Before this, Dr. Harry founded Motorola's Six Sigma Research Institute and served as Corporate Director and Senior Member of Technical Staff. In this position, he was responsible for the development of Six Sigma implementation strategy, deployment guidelines, and advanced application tools. For his technical leadership, Dr. Harry was appointed as an associate member of Motorola's prestigious Science Advisory Board (SABA). In recognition of his technical contributions, he was inducted into the Scientific and Technical Society at Motorola's Government Electronics Group.

As one of the original architects and pioneers of Six Sigma at Motorola, he was responsible for the research and development of advanced Six Sigma engineering models and methods. While serving the Motorola Government Electronics Group, Dr. Harry also held the positions of Member of Technical Staff, Group Operations. Before this, he held the position of Manager and Principal Staff Engineer, Advanced Quantitative Research Laboratory. He also served as a Quality and Reliability Engineer when he first joined Motorola.

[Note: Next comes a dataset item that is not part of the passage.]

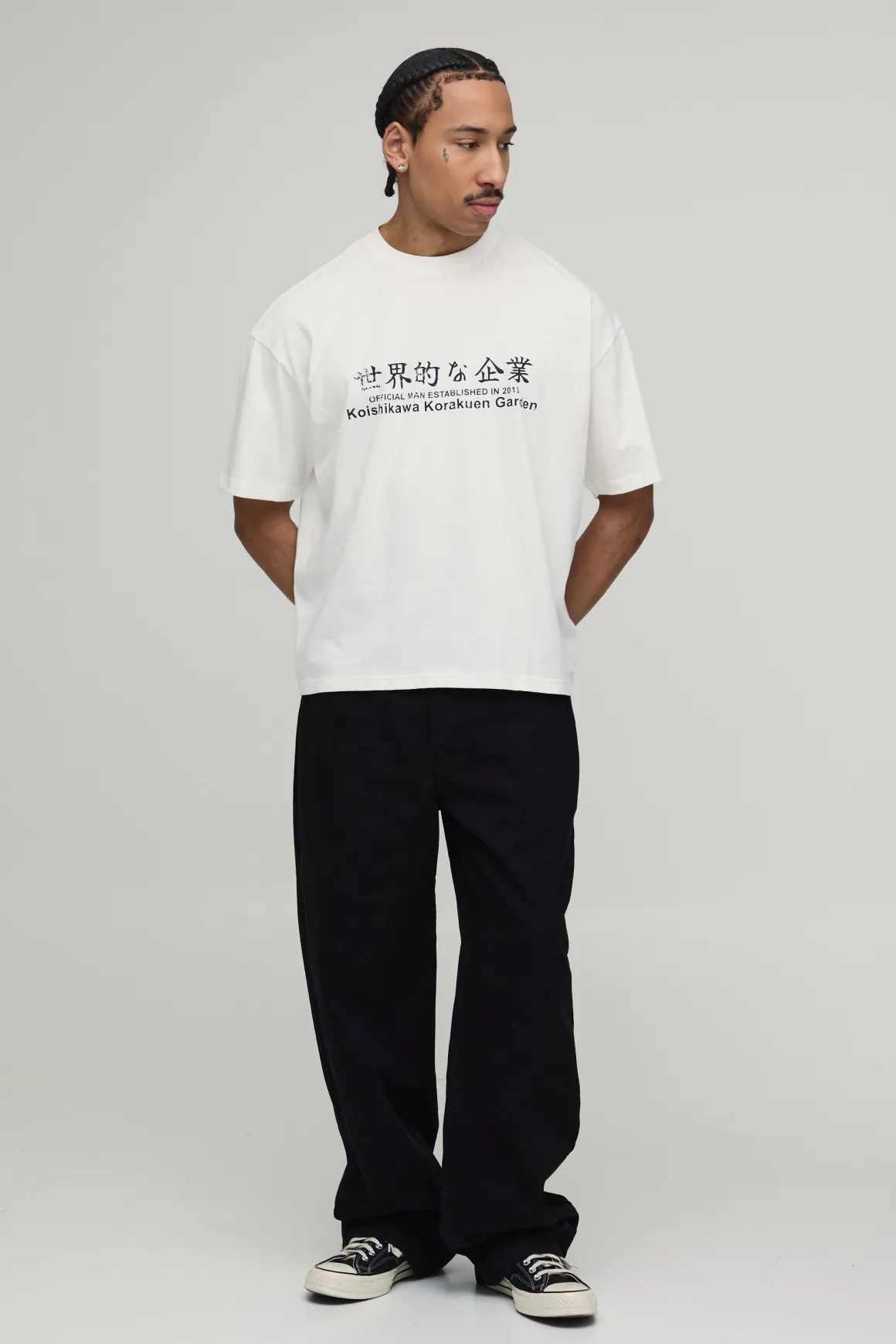 T-Shirt Oversize Boxy avec Broderie Graphique d'Oiseau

Before joining Motorola, Dr. Harry was a consultant to several Fortune 500 corporations in the areas of statistical engineering, experiment design, statistical process control, and quality management. His industrial experiences also include manufacturing management at General Motors Corporation and industrial engineering with Dayton Walther Corporation. Dr. Harry has also served as an instructor within the College of Engineering and Applied Sciences, Division of Technology, Arizona State University. In addition, he was a member of the ASU/IBM Joint Engineering Study.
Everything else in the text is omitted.